桐生タイムス | みどり市新年度予算案、実質3・2%減に抑制

きょうの夕刊

みどり市新年度予算案、実質3・2%減に抑制

2010-2-18

 みどり市は18日、2010年度当初予算案を発表した。一般会計は前年度当初比0・9%増の171億4400万円。合併後4年連続で前年度を上回ったが、国が実施する子ども手当の増額分6億9000万円を差し引いた実質は同3・2%減だった。税収減を見込んで、投資的経費の普通建設事業費は4割以上も減少。貯金にあたる基金の取り崩しを6割減、借金にあたる市債も臨時財政対策債を除いた実質で半減するなど予算規模を抑制した。24日開会の定例市議会に提案する。
 歳入は厳しい経済情勢により、市税収入の落ち込みを3・5%減と想定。このうち個人市民税は9・4%減の20億2000万円、法人市民税は16・6%減の3億2600万円を見込んだ。
 貯金取り崩しの基金繰入金も58・2%減の4億9500万円(うち財政調整基金4億3100万円)と大幅に抑制。10年度末の基金残高は約63億円(うち財政調整基金約43億円)を見込む。
 新たな借金の市債発行額は6・6%増えたが、返済を後年度に国が地方交付税で手当する臨時財政対策債12億5千万円を除いた実質では、46・7%減の3億6000万円に半減した。
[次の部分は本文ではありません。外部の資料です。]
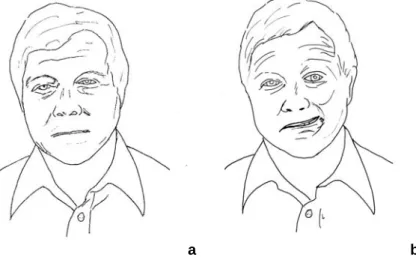 Figure 3.1 : Expression faciale (a) normale, (b) anormale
市債残高(臨財債含む)の10年度末見込みは約120億円。
 国の子ども手当や緊急経済対策で国庫支出金や県支出金は大幅アップとなったものの、それら増額分を除いた実質では、大幅な歳入削減が迫られる厳しい予算編成となった。
 歳出は、人件費が職員共済組合負担金増などで1・3%増える一方、借金返済にあたる公債費は10・7%減。これら2つに扶助費を加えた義務的経費は10・5%の大幅増となったが、国からの子ども手当増額分6億9100万円を除いた実質では1・6%の微増にとどまった。
 投資的経費と呼ばれる普通建設事業費は、大型事業が一段落したことなどから44・8%の大幅減。主要事業として学校耐震改修に2億8286万円、小中学校施設整備改修に計1億1436万円、桐原配水場耐震補強・防水工事1億3440万円などを盛り込んだ。
 【メモ】▽臨時財政対策債=国から地方に配分される地方交付税の財源不足を補うため、国が地方に発行させる特例的な地方債。使い道は自由で、返済は翌年度以降に国が地方交付税で手当する。地方交付税の代替財源との見方もできるが、地方債(借金)であることに変わりはない。